Lamentations — Chapter 5
Synopsis: Fifth elegy — the prayer/peroration. Lapide: this is the 'perorative summary' of all the Threni, as a rhetorical peroration reviews the main arguments. Jeremiah recapitulates all the miseries and prays for mercy and restoration. Notably, this chapter is NOT in alphabetical order (unlike chs.1-4) but has 22 verses (= the 22 letters), signaling completeness without structure — a prayer of utter exhaustion.
Verse 1
Remember, O Lord, what is come upon us: consider, and behold our reproach. The opening anamnesis: God is asked to 'remember' (zechor) — not as if He had forgotten, but as a petition for Him to act on His remembrance. Lapide: 'Remember' in Biblical prayer = 'Act in accordance with your covenant memory.' The entire prayer is a series of such reminders of Israel's destitution.
Verse 15
The joy of our heart is ceased, our dancing is turned into mourning. All festivity ended by the Chaldean destruction. Applied to the spiritual desolation when God withdraws His consolations from the soul.
Verse 21
Convert us, O Lord, to thee, and we shall be converted: renew our days, as from the beginning. The final prayer: 'Convert us' (Converte nos) = not 'let us convert ourselves' but 'You must turn us, then we will be turned.' Lapide: the Augustinian theology of prevenient grace is here fully expressed — conversion must begin with God's initiative, then the human will cooperates.
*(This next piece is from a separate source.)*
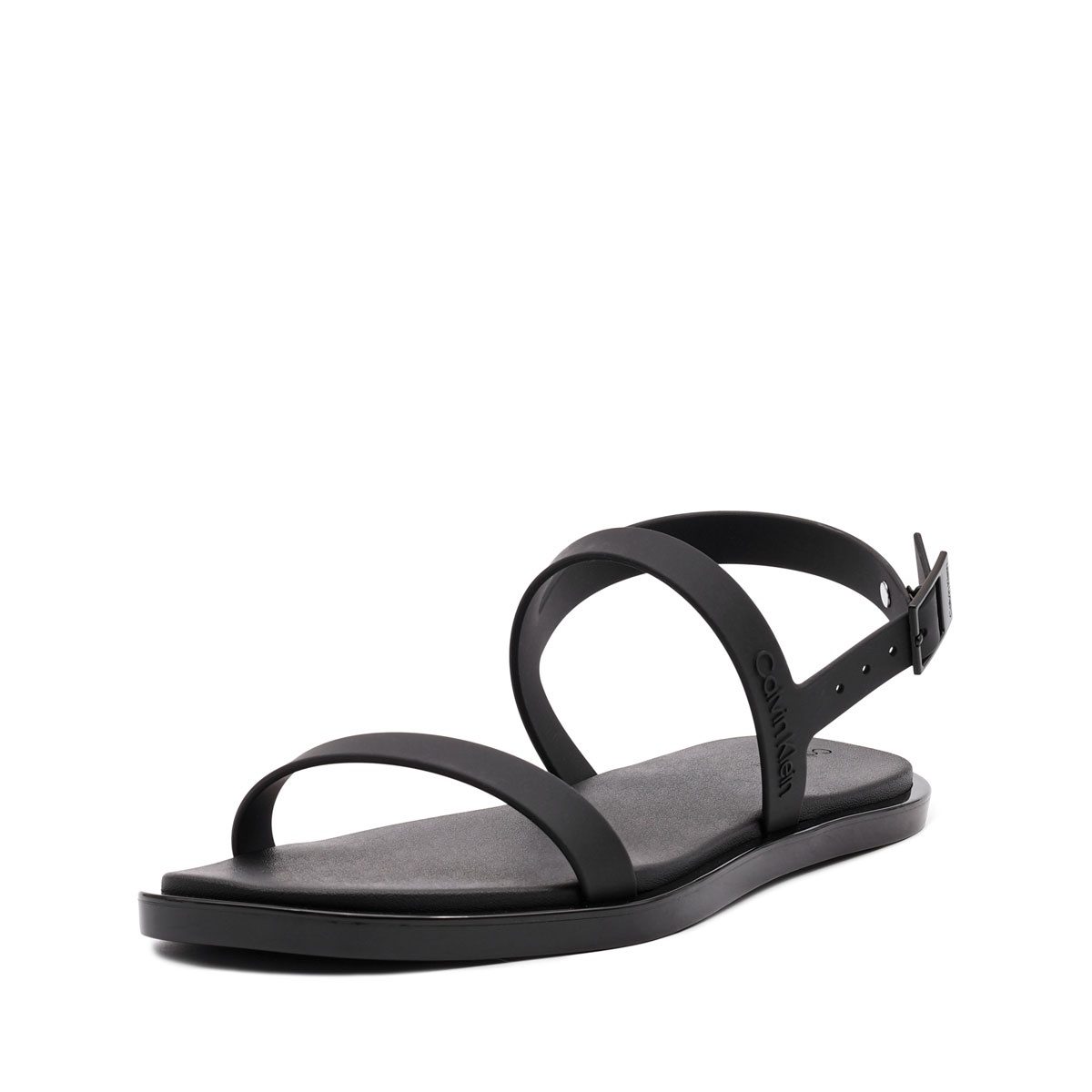 Sandale damă Calvin Klein Sandal-Jelly HW0HW02426BEH Calvin Klein Sandal-Jelly Sandale damă HW0HW02426BEH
Applied to every act of repentance: it must begin with God's converting grace.
Verse 22
But thou hast utterly rejected us: thou art exceedingly angry with us. The enigmatic last verse: either a genuine expression of despair ('has God truly rejected us forever?') or (Lapide and Jerome) a rhetorical question expecting a negative answer ('Surely You have NOT rejected us forever!'). The liturgical tradition: the synagogue repeats v.21 after v.22 to end on hope. Lapide: the book ends on this suspended note to express the ongoing tension between God's chastisement and His covenant mercy — not yet resolved until the Messiah comes.